Saint Demetrius and children. 7th-century mosaic from Hagios Demetrios, Thessaloniki, in Macedonia (Northern Greece)

Saint Demetrius of Thessaloniki (Greek: Άγιος Δημήτριος της Θεσσαλονίκης) was a Christian martyr, who lived in the early 4th century.

During the Middle Ages, he came to be revered as one of the most important Orthodox military saints, often paired with Saint George. His feast day is 26 October for Christians following the Gregorian calendar and 8 November for Christians following the Julian calendar.

Saint Demetrius was born and educated in Thessalonike (Macedonia in Greece), where he exercised the profession of Rhetor or Public Speaker. He made many converts to Christianity. Some say that he became a high Officer of State and even a Proconsul. But this is hardly probable.

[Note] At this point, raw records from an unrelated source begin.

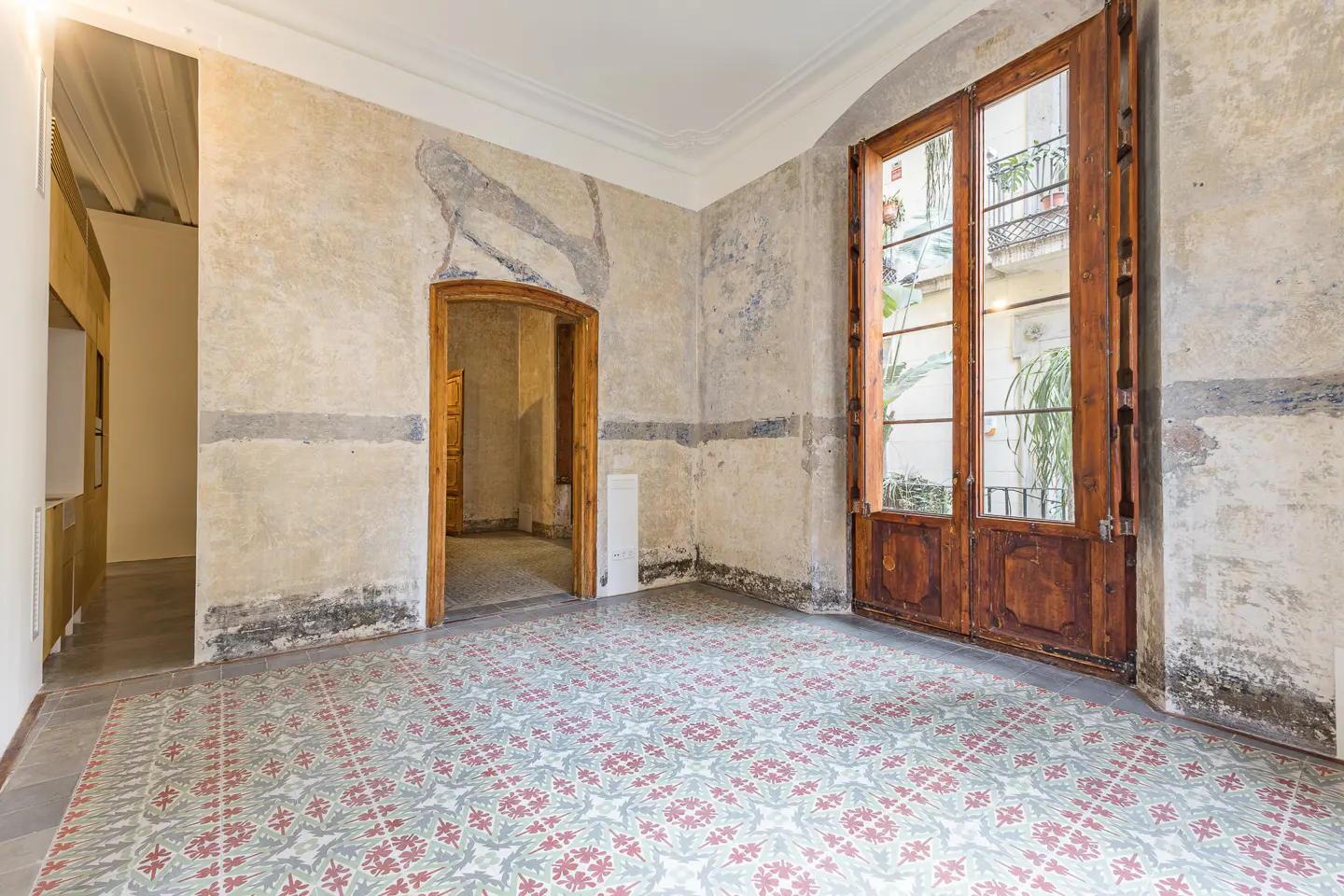 Empty room with patterned tile floor, textured walls, and open wood-framed doors to a balcony.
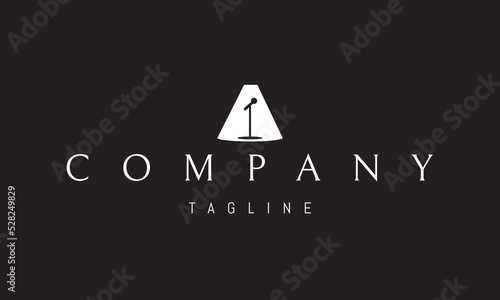 Vector logo on which an abstract image of a microphone on a stand on a stage in a spotlight.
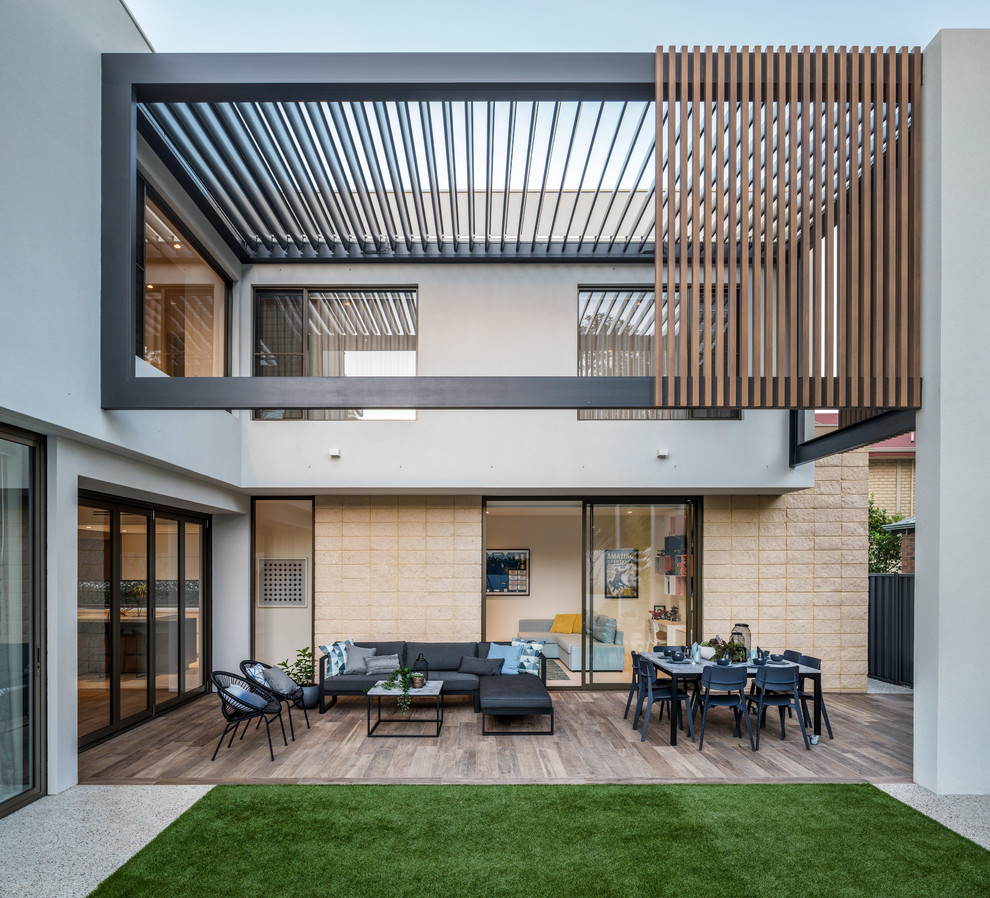 This is an example of a contemporary patio in Perth with tiled flooring and a pergola.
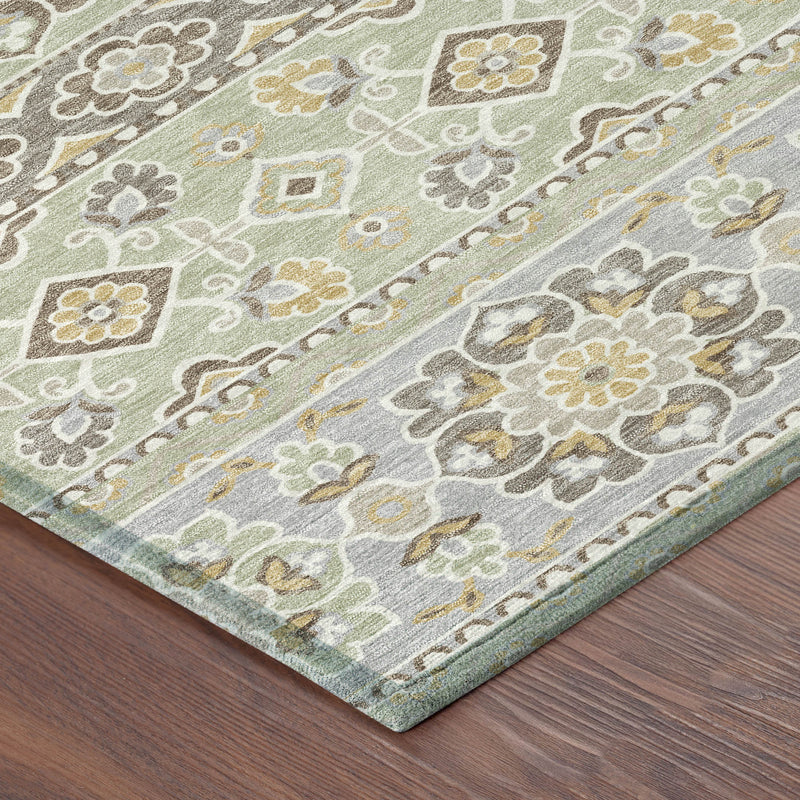 Green and ivory tribal area rug corner with ornate floral pattern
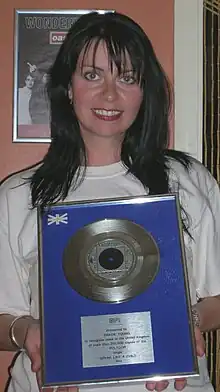 Young with her BPI silver disc for "Speak Like a Child" which she auctioned to raise money for Little Havens Children's Hospice in 2007.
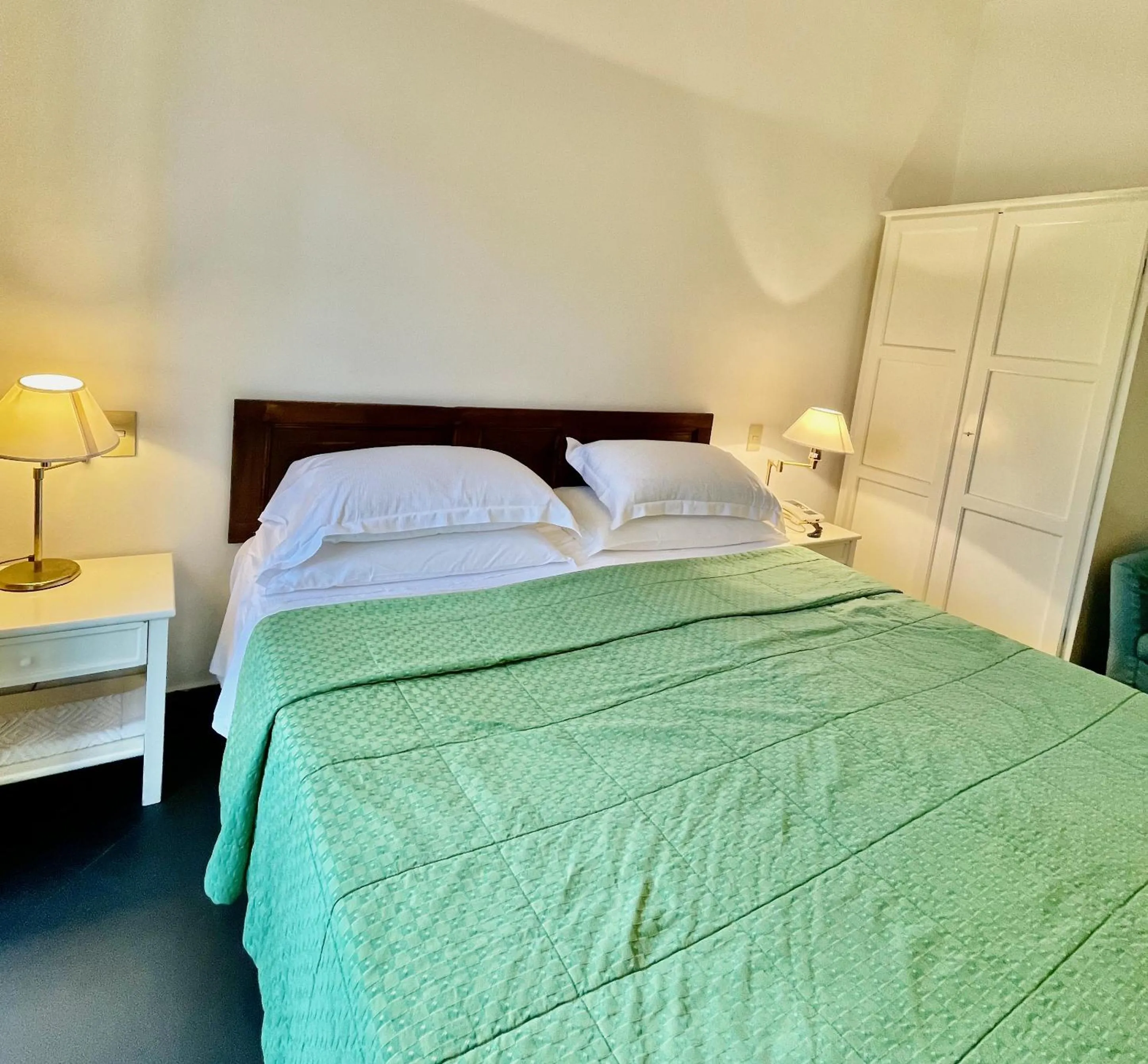 Bed in Hotel Beau Rivage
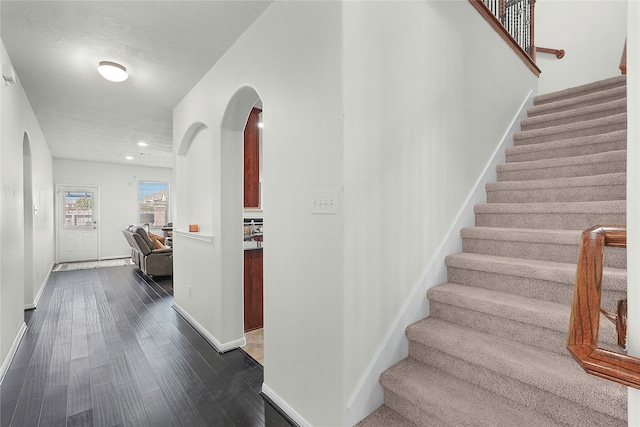 stairs featuring hardwood / wood-style flooring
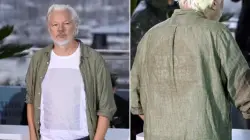 مؤسس موقع ويكيليكس يُلفت الأنظار في مهرجان كان بقميص يحمل أسماء آلاف الأطفال الفلسطينيين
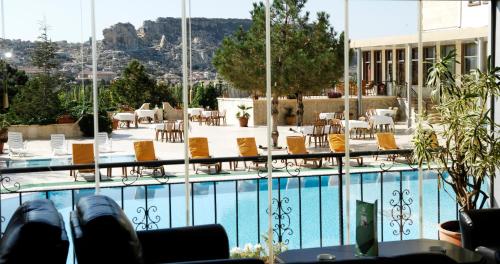 a view of a swimming pool with chairs and tables at Dinler Hotels Urgup in Urgup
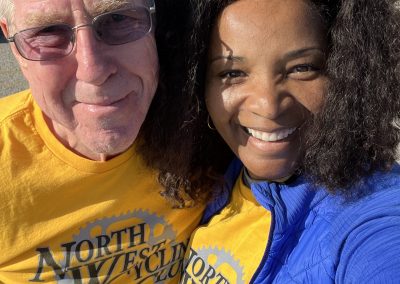 Smiling volunteers in bright yellow and blue shirts at Bluebonnet Express charity bike event.
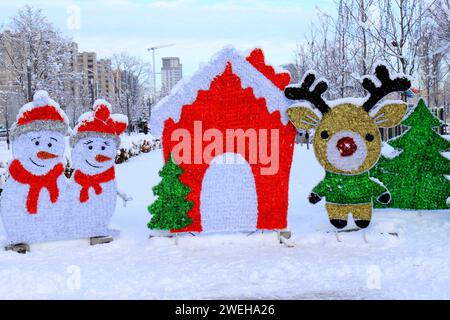 Im Winter stehen festliche Spielzeuge auf der Straße der Stadt. Lustige Häuser, Schneemänner und Hirsche. Dnipro City Stockfoto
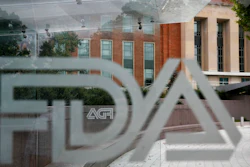 This Aug. 2, 2018 file photo shows the U.S. Food and Drug Administration building behind FDA logos at a bus stop on the agency's campus in Silver Spring, Md. The FDA announced plans Monday, Feb. 11, 2019, to step up its policing of dietary supplements, which it said has mushroomed into a $40 billion industry with more than 50,000 products.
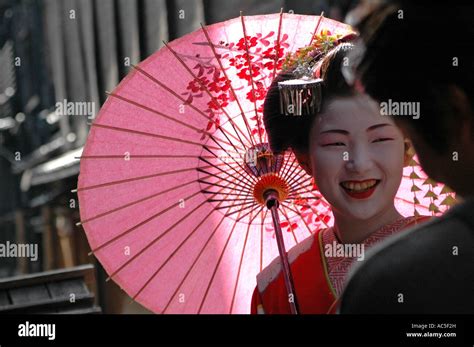 A Maiko Trainee Geisha Talks To A Man In The Gion District In Kyoto
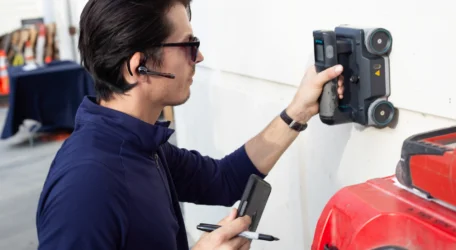 Man using handheld scanner on wall, holding notebook and pen, wearing headset and sunglasses.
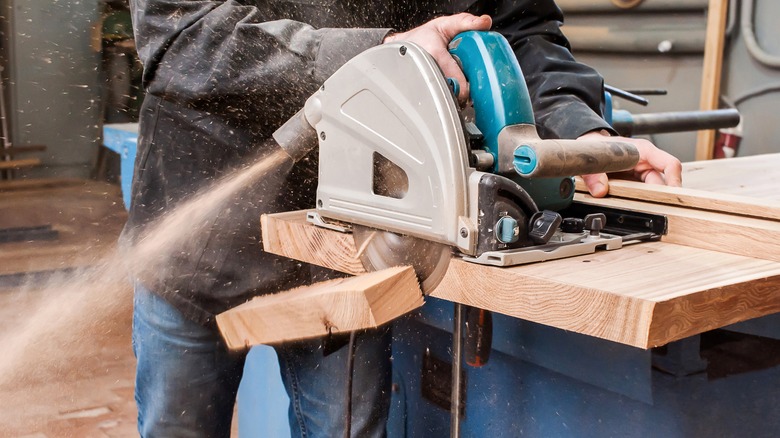 Person sawing off wood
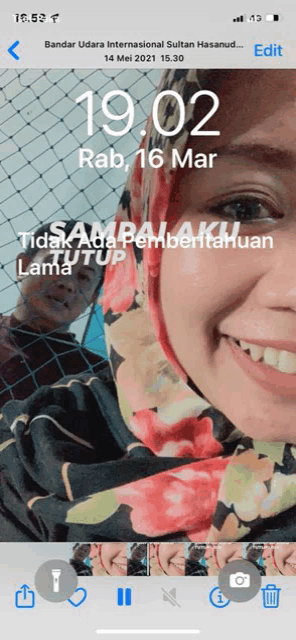 a phone screen shows a picture of a woman and the time is 19:02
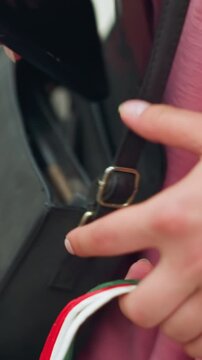 Hand view of lady searching through her handbag to retrieve her phone, followed by taking out a lemon-colored card, with a partial view of her shopping bag in her hand with a blurred surrounding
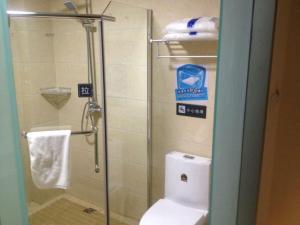 a bathroom with a toilet and a glass shower stall at 7Days Inn Huaian vehicle administration in Huai'an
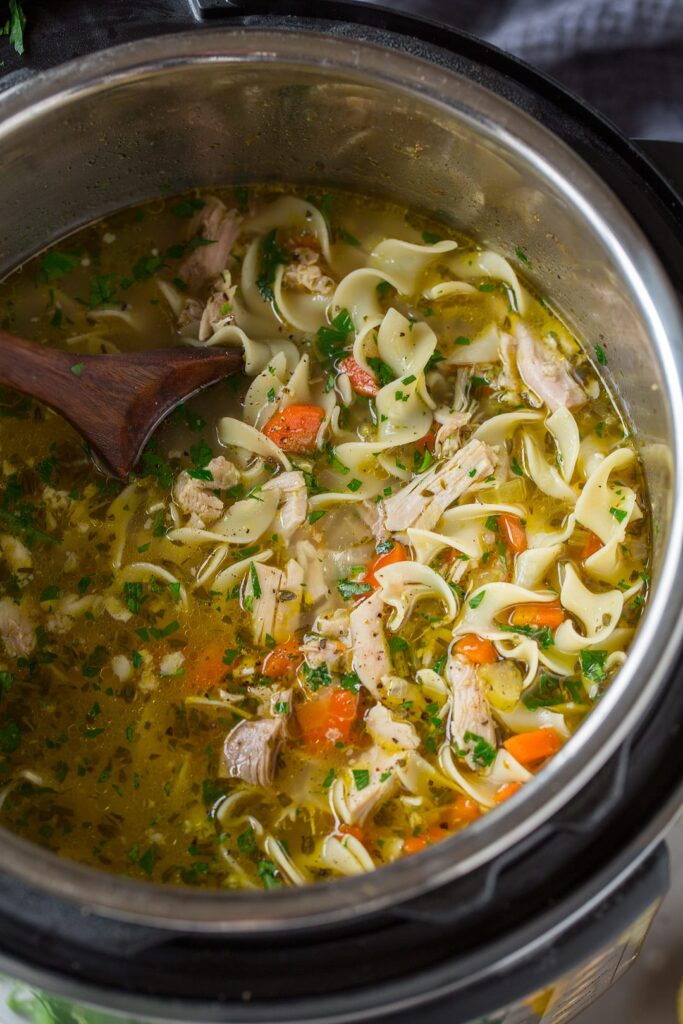 Homemade chicken noodle soup simmering in a pot
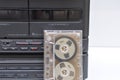 Stereo system, black, vintage 90s stereo system with vintage metal cassette tape Royalty Free Stock Photo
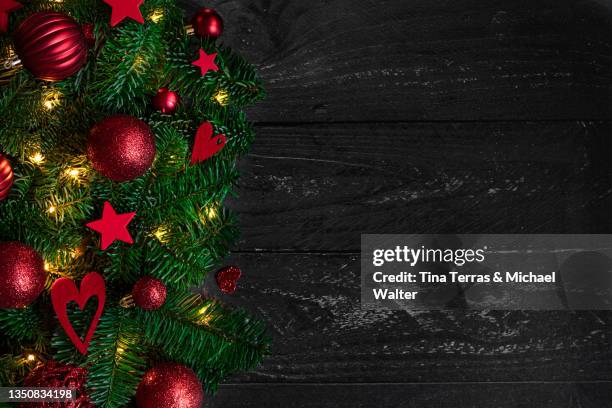 red christmas tree decorations on dark wooden table. copy space. flatlay. - christmas tree close up stock pictures, royalty-free photos & images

Arrested as a Christian and brought before Diocletianus’s  colleaue, Galerius Maximianus. He appears to have been stabbed to death without the formality attending a legal excecution. This was in one of the first years of the 4rth century.

His very large church in Thessaloniki, the Hagios Demetrios, dates from the mid-5th century, so he clearly had a large following by then. Thessaloniki remained a centre of his veneration, and he is the patron saint of the city.

After the growth of his veneration as saint, the city of Thessaloniki suffered repeated attacks and sieges from the invading newcomers, Slavs who moved into the Balkans, and Demetrius was credited with many miraculous interventions to defend the city.

 Hence later traditions about Saint Demetrius of Thessaloniki regard him as a soldier in the Roman army, and he came to be regarded as an important military martyr.

His relics are in great veneration in the East and a magnificent Basilica was soon after his martyrdom erected over his tomb at Thessalonica. On account of the many miracles that have taken place at the shrine St’ Demetrius has always been in great honeour in the East and his name is frequently given in Baptism to children.